Exploratory Data Analysis is the process of examining your data to understand its structure, quality, and quirks before modelling. Think of it as the research phase of a design project — you wouldn't start wireframing without understanding the problem space.

Why Do EDA?

Understand structure — what does the data look like?
Spot quality issues — missing values, outliers, duplicates
Identify feature types — categorical vs numerical
Prepare for modelling — inform feature selection and preprocessing

The key question: What kind of data are we working with?

DataFrames — Your Canvas

A DataFrame is the standard format for tabular data. Think of it as a spreadsheet with:

Headers — column names
Rows — individual records
Columns — different data types per column

In Python, you'll use Pandas to create and manipulate DataFrames, and NumPy for numerical operations.

import pandas as pd
import numpy as np

df = pd.read_csv("water_samples.csv")
df.shape      # (rows, columns)
df.info()     # data types, non-null counts
df.describe() # statistical summary

Describing Your Data

Count

How many entries are in each column? Missing data shows up as a lower count.

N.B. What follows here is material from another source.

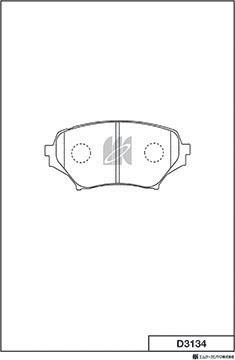 MK Kashiyama D3134 - Тормозные колодки, дисковые, комплект avtokuzovplus.com.ua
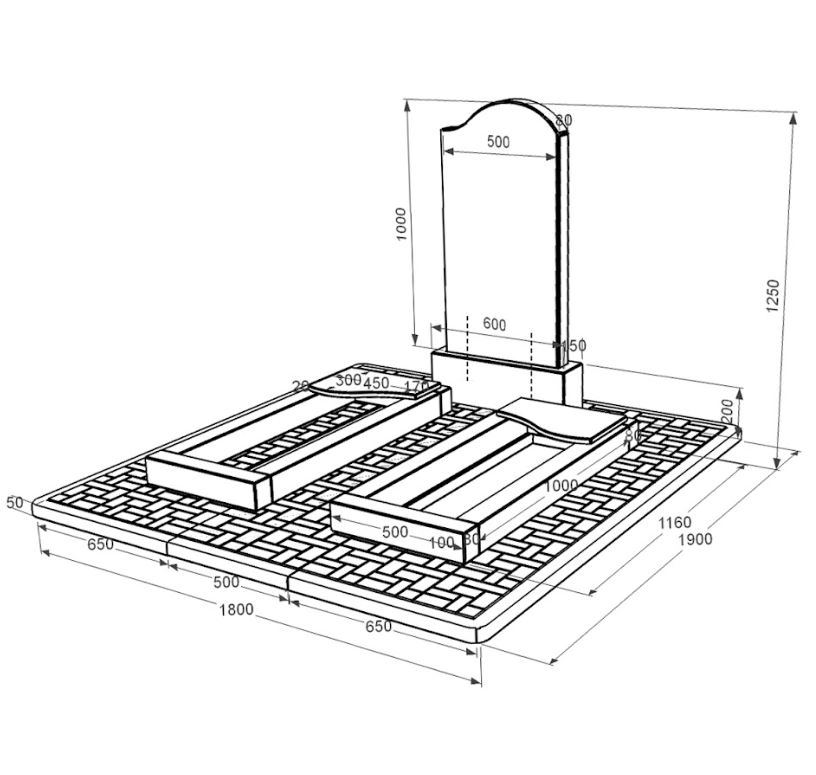 Розміри Гранітний пам'ятник подружжю подвійний із чорного граніту Коростишів з хвилею різьблений к16-kor-pf-100-50-08-011-r-pbd2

Central Tendency — What's the "Typical" Value?

Measure	What it tells you	Use when...
Mean	Average of all values	Data is symmetric, no extreme outliers
Median	Middle value when sorted	Data is skewed or contains outliers
Mode	Most frequent value	Data is categorical, frequency matters more than magnitude

Dispersion — How Spread Out is the Data?

Measure	Definition	Note
Range	Max − Min	Simple but sensitive to outliers
Variance	Average squared distance from the mean	Weights high deviations heavily
Standard Deviation	Square root of variance	Same unit as the data, more interpretable
IQR (Interquartile Range)	Q3 − Q1 (middle 50% of data)	Robust to outliers

Shape — How is the Data Distributed?

Skewness — is the distribution symmetric or lopsided?
Kurtosis — how peaked or flat is the distribution?
Positive kurtosis = sharp peak, heavy tails
Negative kurtosis = flat top, light tails
Percentiles — what value does X% of the data fall below?

Correlation vs Causation

This distinction trips up even experienced practitioners:

Correlation — two variables are related. A might be associated with B.

Causation — A actually causes B. This must be empirically proven through controlled experiments.

Ice cream sales correlate with drowning incidents — but ice cream doesn't cause drowning. Both increase in summer.

Cross Tabulation

A cross-tabulation table lets you explore relationships between categorical variables. It's a foundational tool in statistical modelling.

It's essentially what powers a confusion matrix — a table that shows how well a classifier's predictions match reality. We'll cover that in detail when we get to classification models.

pd.crosstab(df["land_use"], df["water_quality"])

Checking Correlations

For numerical relationships:

print(df.corr())

This produces a correlation matrix showing how each pair of numerical columns relates. Values range from -1 (perfect negative correlation) to +1 (perfect positive correlation).

The Designer's Takeaway

Data analysis is to ML what user research is to design. You wouldn't design a product without understanding your users — don't build a model without understanding your data.